Key Skills: Free lists, size classes, coalescing, thread-local caches, LD_PRELOAD deployment
P02: Work-Stealing Thread Pool
Language: C++ | Difficulty: Advanced | Focus: Concurrency & Parallelism
Implement a high-performance thread pool with work-stealing scheduling similar to Rayon or Go’s runtime. Master atomic operations, memory ordering, and cache-aware programming through building lock-free data structures.
Key Skills: Chase-Lev deque, atomics, false sharing avoidance, worker scheduling
P03: Mini Async Runtime
Language: Rust or C | Difficulty: Master | Focus: Asynchronous I/O
Build a single-threaded async runtime capable of handling thousands of concurrent connections. Demystify async/await by implementing the event loop, futures, and reactor pattern from scratch.
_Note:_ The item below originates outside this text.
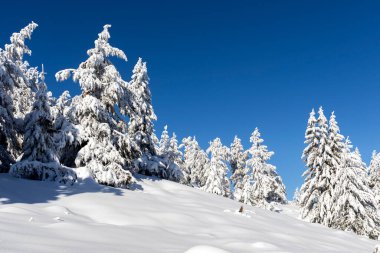 Vitosha Dağı 'nın kış manzarası, Sofya Şehir Bölgesi, Bulgaristan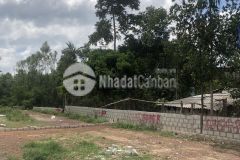 Bán lô đất 2 mặt tiền kiệt ô tô lê ngô cát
Key Skills: epoll/kqueue, futures, wakers, non-blocking I/O, C10K problem
P04: Cross-Platform Syscall Abstraction Library
Language: C | Difficulty: Advanced | Focus: Portability & ABI
Create a library that wraps platform-specific syscalls into a unified API, similar to libuv or Rust’s std. Discover why “POSIX” doesn’t mean identical and master the art of cross-platform development.
Key Skills: File descriptors vs HANDLEs, fork/exec vs CreateProcess, struct layout, feature detection
P05: High-Performance String Search Library
Language: C with SIMD | Difficulty: Expert | Focus: Low-Level Optimization
Build a SIMD-accelerated string search library that rivals ripgrep’s core. Learn why algorithm textbooks don’t teach what makes real tools fast, and master the art of feeding data to modern CPUs efficiently.
Key Skills: SSE/AVX2 intrinsics, CPU feature detection, cache-aware programming, UTF-8 handling
Suggested Learning Path
┌─────────────────────────────────────────────────────────────────────┐
│ LEARNING PROGRESSION │
├─────────────────────────────────────────────────────────────────────┤
│ │
│ [P01: Memory Allocator] ──────┐ │
│ Foundation: Memory management │ │
│ │ │
│ [P02: Thread Pool] ──────┼──→ [P03: Async Runtime] │
│ Foundation: Concurrency │ Combines threading + I/O │
│ │ │
│ [P04: Cross-Platform] ──────┘ │
│ Foundation: System interfaces │
│ │
│ [P05: String Search] │
│ Capstone: Performance optimization │
│ │
└─────────────────────────────────────────────────────────────────────┘
Recommended Order:
- Start with P01 (Memory Allocator) or P04 (Cross-Platform) — foundational concepts
- Progress to P02 (Thread Pool) — builds on memory and introduces concurrency
- Tackle P03 (Async Runtime) — synthesizes threading and system I/O knowledge
- Finish with P05 (String Search) — capstone project applying all optimization skills
Prerequisites
Before starting this track, you should be comfortable with:
- C Programming: Pointers, memory management, structs, function pointers
- Systems Basics: Virtual memory, processes, file descriptors
- Command Line: gcc/clang compilation, gdb debugging, make/cmake
- Basic Threading: Creating threads, mutexes (will be deepened in projects)
Essential Books for This Track
| Book | Focus Areas |
|---|---|
| “Computer Systems: A Programmer’s Perspective” - Bryant & O’Hallaron | Memory, caching, linking, virtual memory |
| “C Interfaces and Implementations” - David Hanson | API design, memory management patterns |
| “Advanced Programming in the UNIX Environment” - Stevens & Rago | POSIX system calls, process control |
| “Rust Atomics and Locks” - Mara Bos | Memory ordering, lock-free programming |
| “The Linux Programming Interface” - Michael Kerrisk | Deep Linux systems programming |
| “Modern X86 Assembly Language Programming” - Kusswurm | SIMD, CPU architecture |
These projects will transform you from someone who uses system libraries to someone who understands how they work at the deepest level.